The only practical value of this algorithm is that it's easy to 
implement and has low LOC count. My initial non-optimized naive 
version was also similar 
https://gist.github.com/ssvb/abe821b3cdba7fcb7f3c3cecde864153 (66 
lines including blank lines and some comments). This is somewhat 
comparable to the Lisp results 
https://flownet.com/ron/papers/lisp-java/raw-results.html or to 
the Peter Norvig's solution http://www.norvig.com/java-lisp.html

The purpose of the initial implementation "prototype" is just to 
have some sort of a starting point. And if the runtime 
performance doesn't matter, then we are already done. But if the 
runtime performance does matter, then a lot of things can be 
rapidly improved by spending a bit of time on it. Eventually one 
runs out of ideas and further optimization efforts yield only 
diminishing returns. That's when it's a good time to clean up the 
code, add comments, etc. and label it as the "final" version.

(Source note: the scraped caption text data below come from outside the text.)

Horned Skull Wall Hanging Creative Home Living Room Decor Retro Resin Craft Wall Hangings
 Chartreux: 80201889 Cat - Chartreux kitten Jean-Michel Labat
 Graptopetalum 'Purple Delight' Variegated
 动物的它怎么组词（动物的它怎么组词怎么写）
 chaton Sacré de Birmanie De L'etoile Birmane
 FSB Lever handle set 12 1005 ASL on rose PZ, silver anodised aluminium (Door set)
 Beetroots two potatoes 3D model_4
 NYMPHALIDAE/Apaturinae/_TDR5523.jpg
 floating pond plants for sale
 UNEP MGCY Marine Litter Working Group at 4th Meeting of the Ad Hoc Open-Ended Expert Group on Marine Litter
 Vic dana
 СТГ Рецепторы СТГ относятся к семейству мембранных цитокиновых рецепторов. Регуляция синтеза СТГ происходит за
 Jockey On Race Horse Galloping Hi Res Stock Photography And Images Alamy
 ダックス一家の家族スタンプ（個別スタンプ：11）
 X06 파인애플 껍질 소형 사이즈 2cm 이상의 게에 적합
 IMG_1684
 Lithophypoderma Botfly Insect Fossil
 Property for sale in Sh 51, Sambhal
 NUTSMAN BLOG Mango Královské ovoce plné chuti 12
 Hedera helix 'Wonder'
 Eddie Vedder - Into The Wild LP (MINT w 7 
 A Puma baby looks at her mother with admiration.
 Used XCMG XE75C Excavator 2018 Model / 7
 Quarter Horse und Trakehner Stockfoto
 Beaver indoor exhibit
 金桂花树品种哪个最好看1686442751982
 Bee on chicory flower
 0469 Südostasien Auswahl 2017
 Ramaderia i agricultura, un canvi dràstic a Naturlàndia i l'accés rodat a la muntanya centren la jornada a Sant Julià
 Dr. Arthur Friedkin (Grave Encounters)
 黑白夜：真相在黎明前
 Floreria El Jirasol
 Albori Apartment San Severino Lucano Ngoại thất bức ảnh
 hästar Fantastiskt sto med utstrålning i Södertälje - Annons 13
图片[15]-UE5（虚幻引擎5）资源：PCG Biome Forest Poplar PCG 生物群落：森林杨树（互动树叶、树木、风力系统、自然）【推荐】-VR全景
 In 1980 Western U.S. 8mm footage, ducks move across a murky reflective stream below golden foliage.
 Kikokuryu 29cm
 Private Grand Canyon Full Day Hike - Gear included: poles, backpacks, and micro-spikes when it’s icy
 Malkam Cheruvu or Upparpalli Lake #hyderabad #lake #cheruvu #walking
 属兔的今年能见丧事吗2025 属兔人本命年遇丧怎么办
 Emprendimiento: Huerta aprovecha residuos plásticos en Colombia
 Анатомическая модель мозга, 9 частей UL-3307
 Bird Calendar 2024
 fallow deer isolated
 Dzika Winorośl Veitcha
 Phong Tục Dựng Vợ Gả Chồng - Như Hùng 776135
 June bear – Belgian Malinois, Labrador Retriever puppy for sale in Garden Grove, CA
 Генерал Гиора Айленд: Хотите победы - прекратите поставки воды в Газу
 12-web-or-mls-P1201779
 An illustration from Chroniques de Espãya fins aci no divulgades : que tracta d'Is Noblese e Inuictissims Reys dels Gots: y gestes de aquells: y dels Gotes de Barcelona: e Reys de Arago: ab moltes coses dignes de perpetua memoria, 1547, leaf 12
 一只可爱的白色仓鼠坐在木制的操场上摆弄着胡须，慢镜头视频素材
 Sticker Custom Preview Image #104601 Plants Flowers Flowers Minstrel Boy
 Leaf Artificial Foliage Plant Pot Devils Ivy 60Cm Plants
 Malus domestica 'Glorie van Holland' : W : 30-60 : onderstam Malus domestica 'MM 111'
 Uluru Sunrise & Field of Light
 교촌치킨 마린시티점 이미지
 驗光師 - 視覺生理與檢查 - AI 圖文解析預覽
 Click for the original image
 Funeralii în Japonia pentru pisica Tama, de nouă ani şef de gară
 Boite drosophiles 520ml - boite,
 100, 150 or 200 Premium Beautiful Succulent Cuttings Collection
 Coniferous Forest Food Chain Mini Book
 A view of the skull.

I think that a good study, that intends to compare different 
programming languages against each other, could take all these 
factors into consideration: time to implement the "prototype", 
runtime performance of the prototype, time to implement the 
"final" version, runtime performance of the final version, the 
number of lines of code and its readability/maintainability.